Today I had the crazy notion that I should make tamales. This was a crazy notion for two reasons:
- I have never made tamales before.
- I’m awfully damn Caucasian.
I guess I associate tamales with December because I was once married to somebody who was awfully damn Hispanic, and her family would never dream of graduating from Christmas without making a huge batch of homemade tamales. I didn’t like them for years. And then, I learned to tolerate them. Once we divorced, I suddenly decided that I loved ’em. A therapist would no doubt have a field day with that one.
I never really understood tamales in the beginning. I used to ask the ex, “Why are you wrapping up a perfectly good burrito in a freakin’ corn husk?” Clearly, I was not the foodie back then that I consider myself now.
Plus, there are few dishes as labor-intensive as tamales. You have to make the dough from masa, a fancy word for corn flour. Roll it out, spoon it into a dried corn husk, add your fillings, and steam it. My motto back then?

Not when this existed…

I kid. I’m not a fan of the can unless it’s Tan in a Can, but that’s another story. I just couldn’t in good conscience devote a whole Saturday – that’s half a weekend, if you do the math – to making something I didn’t even care for all that much.
Fast-forward to 2010. I’m walking through the Portland Farmer’s Market one miserably cool and wet Saturday when I stumble upon a food cart selling tamales. So I order one. Artichoke and cotija from Salvador Molly’s. Clever name, unique ingredients, and as I ate my tamale huddled beneath a covered entryway on the PSU campus, I had what can only be described as an epiphany.
Viva la tamale! I thought. So this is what I’ve been missing out on all these years.
I enjoyed them so much, the first time I ever met Tara in person – some five months later – I took her to Salvador Molly’s actual restaurant and ordered those very same artichoke and cotija tamales.

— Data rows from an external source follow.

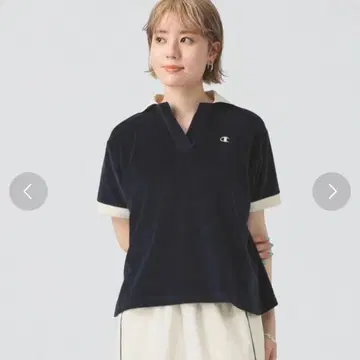 Ray BEAMS 별주 Champion 피케 셔츠 네이비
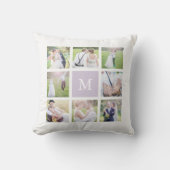Coussin Monogramme personnalisé Simple Carré blanc Collage (Recto)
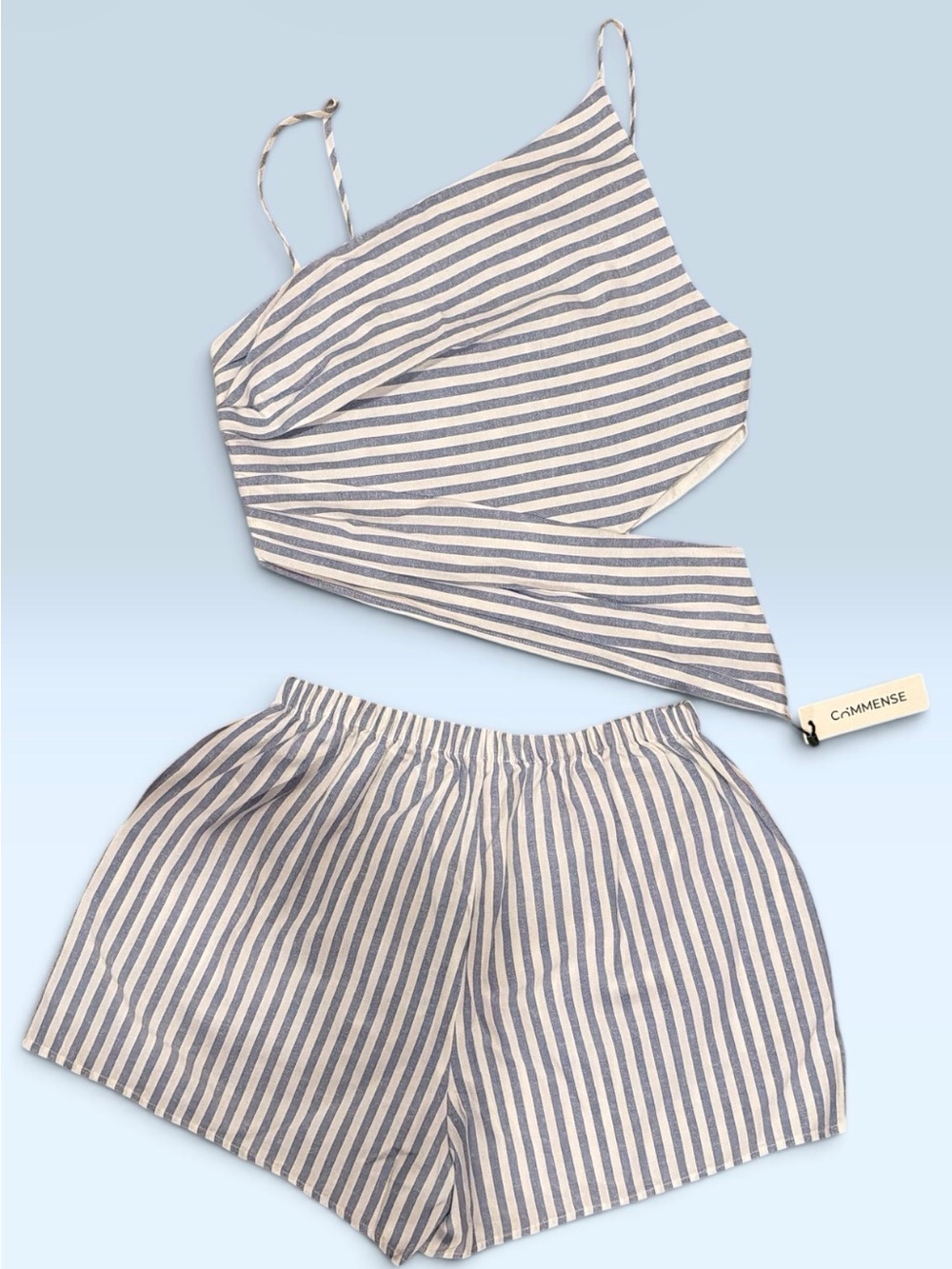 Commense Striped Blue & White Two-Piece Crop Top + Shorts Set - Picture 6 of 6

And so now, whenever the calendar page is flipped to December, I start craving tamales like nobody’s business. I have yet to make them myself, though. Because, again – they’re labor intensive.
Fortunately, I remembered the really good Mexican grocery store and deli on NE Glisan St. in Portland. Tortilleria Y Tienda De Leon. This place is located in a sketchy part of town right next to a plasma clinic (I kid you not) where you see people who are probably junkies selling their own blood for a quick score slouched against the building out front. Seriously, they resemble extras from The Walking Dead. Despite the lack of ambience, it’s worth a quick jog into the mercado to pick up some authentic, delicious Mexican food. Oregon Live says so. And Willamette Week raves over this place, too (while mentioning those “vacant eyed and incompletely toothed” plasma bank customers I mentioned). See? My analogy was spot-on.
And so today I indulged my pseudo-Mexican (by association) roots and enjoyed some hot, delicious pork tamales. That I did not spend half a weekend cooking myself.
What foods do you associate with the holidays?